Part of our Year 3 undergraduate course is a module looking at two of the less popular Dharmic religions, Sikhism and Jainism. as part of this we spent a day with the two communities in Manchester.
Our first visit was to the Jain Samaj Temple. Here we were able to see the community hall with its most impressive shrine. Dominating the shrine was a beautiful rupa of Mahavira and the first and 23rd tirthinkaras, Rsabha and Parsanatha.
Our guide, Suresh Mehta spoke at great length, explaining Jain beliefs and practices, including ahimsa, the three paths and the four destinations.
We then continued across Manchester to meet our old friends at the Guru Harkrishan Sahib Gurdwara.
Our guide, Gurvinder Singh, expained the central beliefs of Sikhism and read from the Guru Granth Sahib – a wonderful experience. We then had a little tour of the gurdwara, seeing the Guru’s bedroom, before finishing by eating some lovely langar in the langar hall.
Year 1 undergraduates visited the Gujerati Hindu community in Preston as part of their module studying Hindu Dharma. This visit gave the group opportunity to ask a practising Hindu about the philosophical aspects of Hindu Dharma, to have a tour around the temple and to practice meditation.

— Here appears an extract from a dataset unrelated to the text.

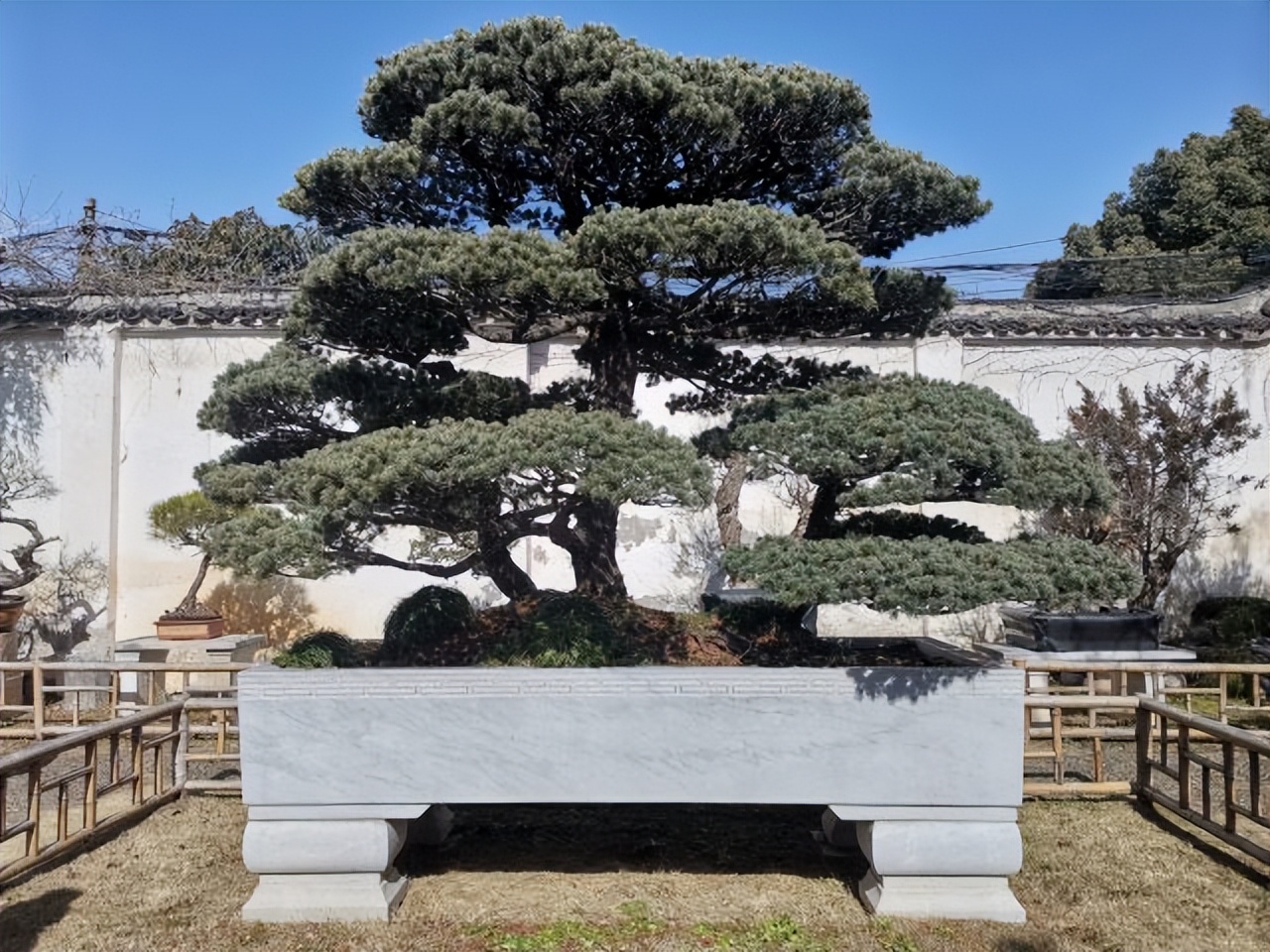 苏州旅游景点大全一日游最佳路线,苏州旅游攻略一日游最佳线路图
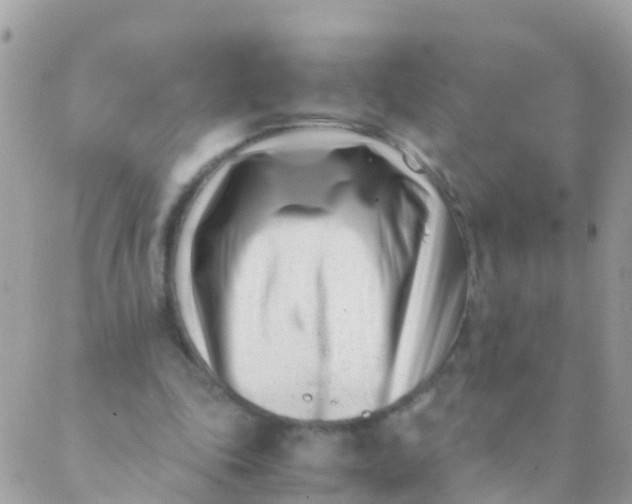 X0000089430343200707061349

Francesca blogged about the visit:
In our small discussion session we were given an overview of the core principles of Hindu Dharma. One of the most interesting points that was made was the belief that Hinduism is not religion. Thifs is because the term “religion” is westernised terminology used to fulfil the governments need for categorisation. He stressed that the best way to describe Hinduism is dharma which means the path to self discovery and to find Brahman- their one and only god. However in order for Hindus to be able to comprehend their divinity they have created different avatars/forms of their god otherwise known as the “spirits of god” and this explains why on the surface Hinduism looks like a polytheistic religion.
Additionally he went into detail about the scriptures in Hinduism (known as the Vedas) and the concept of Karma. I found the teaching of karma especially interesting as it sparked areas of controversy. He stated that suffering itself is not intrinsically bad and it simply reflects the karmic energy built up throughout your previous lives. For example, if a person has a good education, employment and healthy family they have “punya” which is good karmic energy but if a person suffers then they have “pap” bad karmic energy. However it leads to me to question whether this religious belief is genuine or simply justifies and acts as a coping mechanism for those that genuinely do suffer. As this teaching affects so many individuals lifestyle I believe it would make a good project title for my assignment.
To conclude this visit has widened my understanding of the core Hindu beliefs and I have even began questioning them. I hope to use the topic of karma for my assignment and therefore I will need to research more into the principle and the issues surrounding it.